The arts alliance, which alternates its monthly meetings between the Butterfield Library and Haldane, is led by a volunteer board of Kory Riesterer, Mona Smith, Laura Danilov, Christine Foertsch, Jill Shoffiett and Greg Smith. Riesterer, who is president, and Smith, who is vice president, sat down with The Current to discuss its goals. Their responses have been condensed.

Why are the arts important in schools?
Riesterer: With the range of art forms available, something is going to speak to each child and anchor them. Then communities of students are formed, and it’s a perfect way for students to connect and learn about themselves. Plus, there’s this pool of talent [to mentor students] with artists moving to Philipstown.

Smith: My experience of art in school is that everyone tried everything. Half the marching band was on the football team, and half the cheerleaders were in the band. At halftime, there was a scramble as people changed uniforms. Small school districts can struggle to manage budgets while providing arts enrichment, but there’s a wealth of information demonstrating the effectiveness of the arts in supporting learning and empathy.

Members of the alliance met at the Butterfield Library on Oct. 15. From left: Student Art Club President Anneke Chan; Sarah Gurland; Superintendent Phil Benante; Mona Smith; Kory Riesterer; and Lisa Sabin. (Photo by Caitlin Chadwick)

Why not continue with the booster club?
Riesterer: We had zero ability to raise funds. We need to be structured as a nonprofit to support the infrastructure. With a board, we can plan long-term.

Smith: The Haldane sports booster club was a model. It shifted to a formal nonprofit when the football field project was proposed. The parents reached a point when they knew it was necessary for the programs they wanted to see.

The Haldane Arts Alliance logo, by Haldane parent Jennifer Sandlund

What do you have planned?
Smith: While we wait for the IRS to confirm our nonprofit status, we have partnered with an established nonprofit, Fractured Atlas, so people can make tax-deductible donations. We hope to make our first grants in the spring.

Riesterer: We’ve found that parents, particularly of high school and middle school students, want more field trips to local museums such as Dia and Magazzino. Sometimes seeing an exhibit at that age opens everything up.

Smith: There’s a specific joy in doing things outside the school. Getting on a bus, like a sports team, allows the group to bond.

Riesterer: Like sports, there can be a competitive component to band and chorus.
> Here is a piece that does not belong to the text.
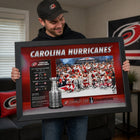 Frameworth - Carolina Hurricanes 16 po H x 24 po l Cadre Champions de la Coupe Stanley 2026 - Sous licence officielle LNH/AJLNH-Fabrique au Canada par Frameworth depuis 1992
Haldane doesn’t have a tradition of this, but getting kids out and hearing students from other schools playing pushes kids to work harder and builds confidence.
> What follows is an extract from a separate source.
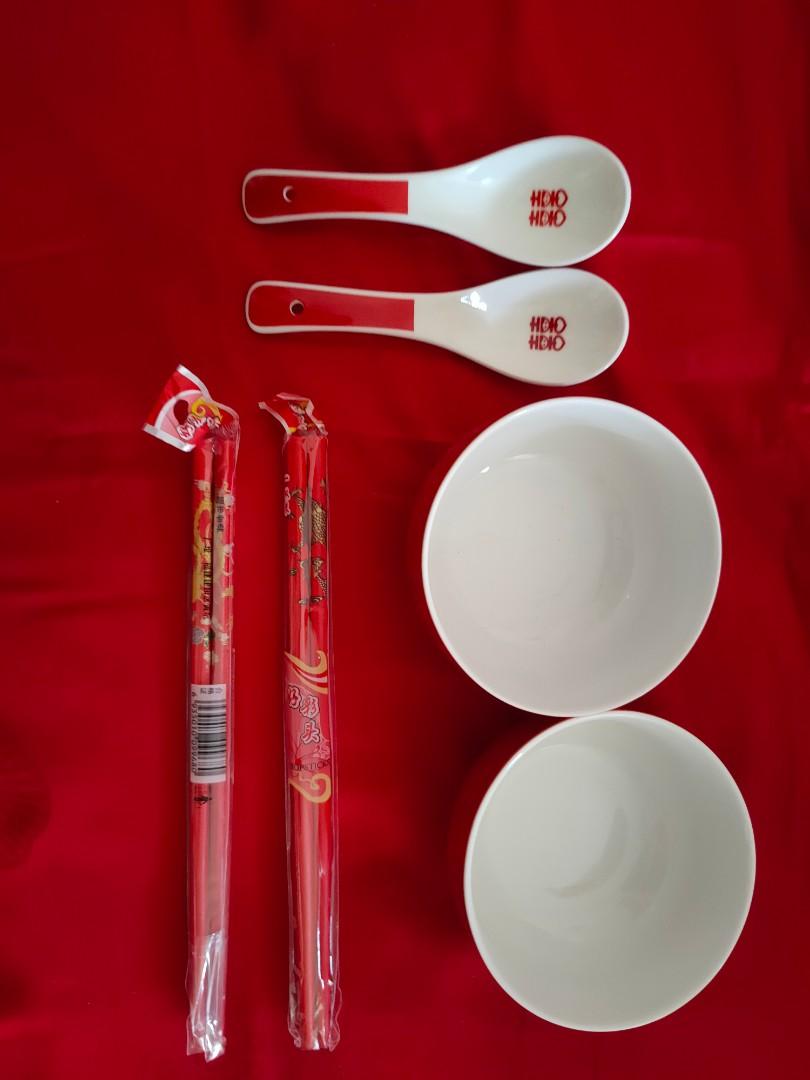 Chinese wedding bowl set, Furniture & Home Living, Kitchenware & Tableware, Other Kitchenware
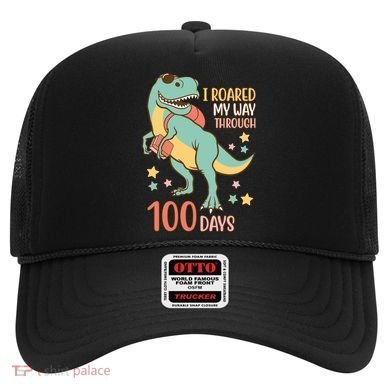 I Roared My Way Through 100 Days Dinosaur Hat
Smith: Studying the arts can lead to employment in a variety of fields. We’re just an hour away from one of the arts meccas of the universe.

How do people join?
Riesterer: Membership is $25 a year. [See haldaneschool.org/arts/haldane-arts-alliance.] During a drive we just completed we received support not just from Haldane parents but from grandparents and people in the community who don’t have kids in the school. What’s wonderful about this community is that many proposals generated now will not come to fruition for several years and benefit children who enter this district after ours are gone. People understand this and are [still] committed.